L’idolatria della libertà di scelta, sottesa alla questione del gender, è una finzione in quanto censura questa totalità antropologica. Un personaggio di Dostoevsky, Kirillov, citato da Botturi, incarna l’uomo che vuole mantenere la libertà come sola libertà di scelta pur vedendo nella morte l’estrema contraddizione, in quanto la morte mostra l’impotenza ultima dell’uomo. Dunque Kirillov, riconoscendo nella morte una impotenza a vivere completamente da se stesso, e volendo essere coerente alla libertà come sola scelta, ritiene che l’unica conclusione sia trasformare la morte in suicidio. Solo con il suicidio Kirillov arriva a negare l’insuperabile vincolo di finitezza dell’esistenza.
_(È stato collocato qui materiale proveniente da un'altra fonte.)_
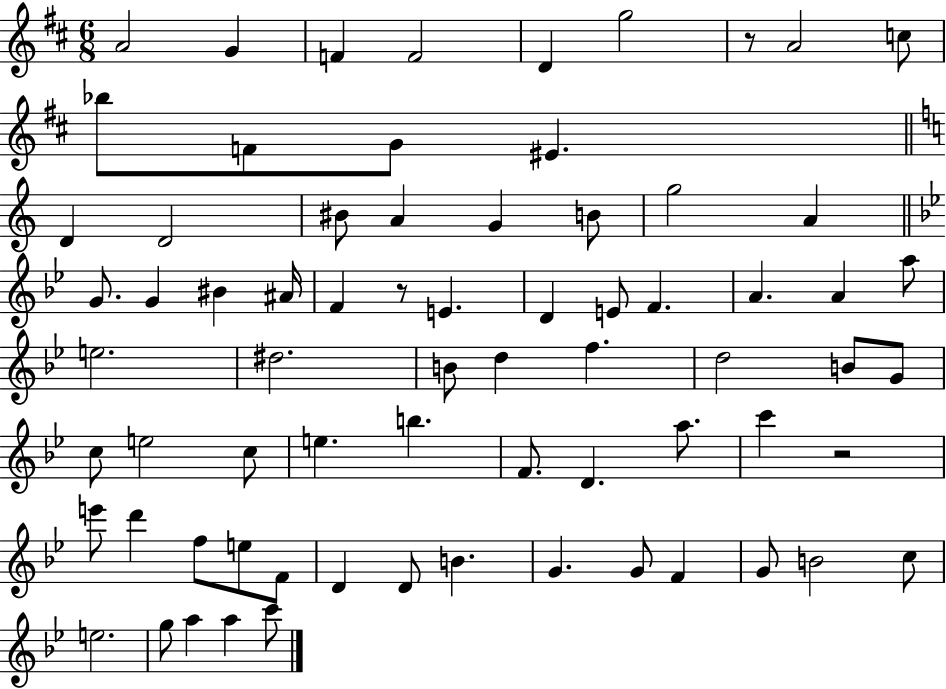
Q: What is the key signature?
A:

Acutamente Botturi osserva che l’iniziativa della libertà non solo si confronta stabilmente con un contesto che la condiziona, ma anche non può operare se non a partire, se non provocata, da tale contesto.
L’uomo può sentire tale contesto come chiusura, limite, angustia, ma può anche coglierlo come segno del suo rapporto con l’essere, come eccedenza e può arrivare ad accoglierlo come dono. Se l’uomo coglie il limite solo come angustia, come Kirillov, potrà decidere solo della sua soppressione, ma in ogni caso non può decidere della sua autogenerazione. Questo è segno che l’essere è eccedente il potere della libertà. Ora, afferma sempre Botturi, l’esercizio della scelta ha in questa eccedenza il segnale di un bene cui la scelta deve tendere, che è la sua regola interiore, il criterio interno, tale bene è appunto il rispetto della vita che nessun potere di scelta può dare.
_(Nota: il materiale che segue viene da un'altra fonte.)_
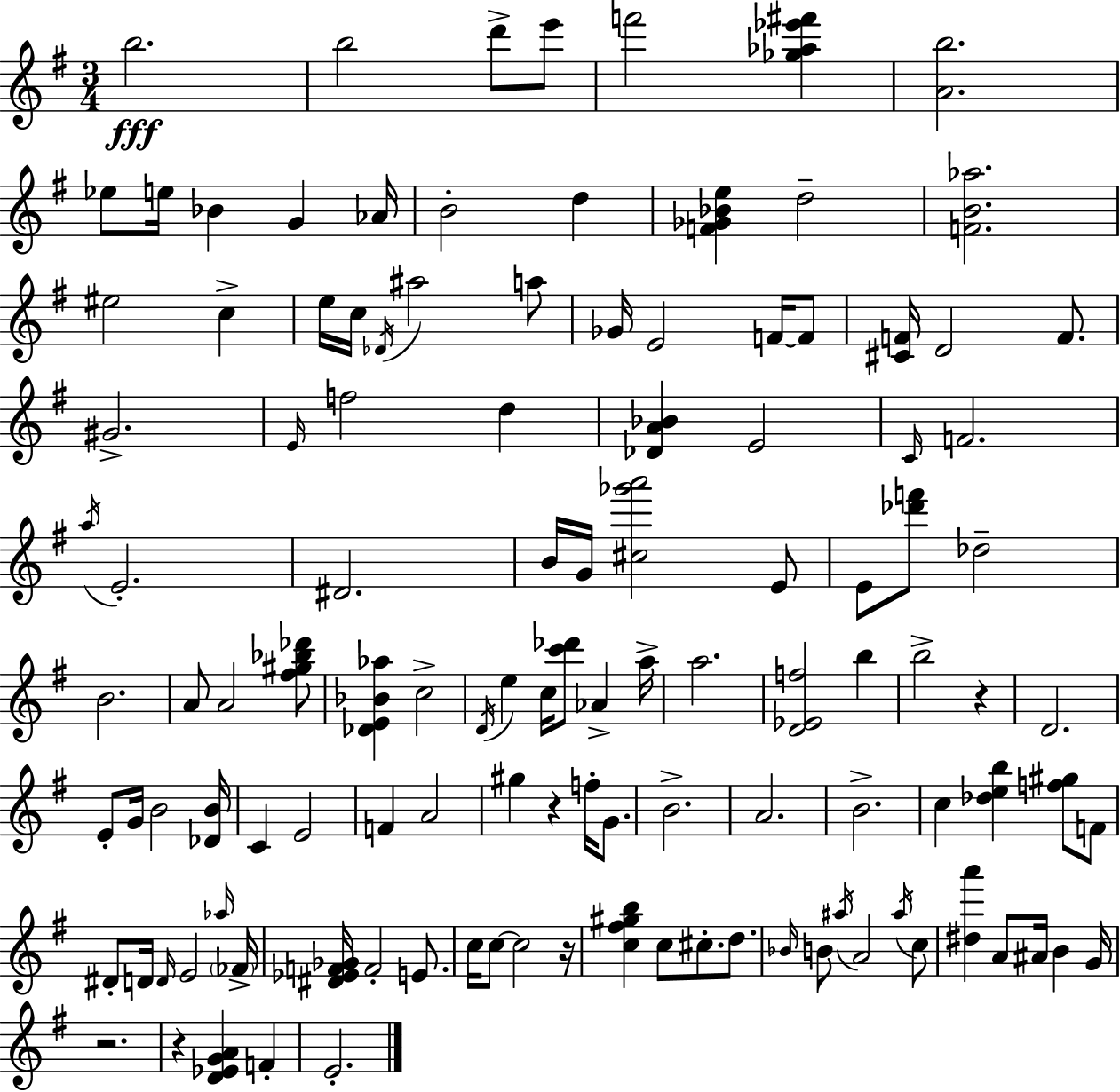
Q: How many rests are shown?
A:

“Quanto più la scelta è del bene, tanto più questo, in quanto bene dell’agente che ne attiva e cresce la soggettività, ne aumenta anche la capacità di scelta. A sua volta il rafforzamento della capacità di scelta amplia la capacità del bene … La libertà umana non ha perciò il diritto di scandalizzarsi a motivo della sua struttura di iniziativa condizionata… La libertà finita riceve un inizio ed è inizio, è essenzialmente ‘iniziativa iniziata’.”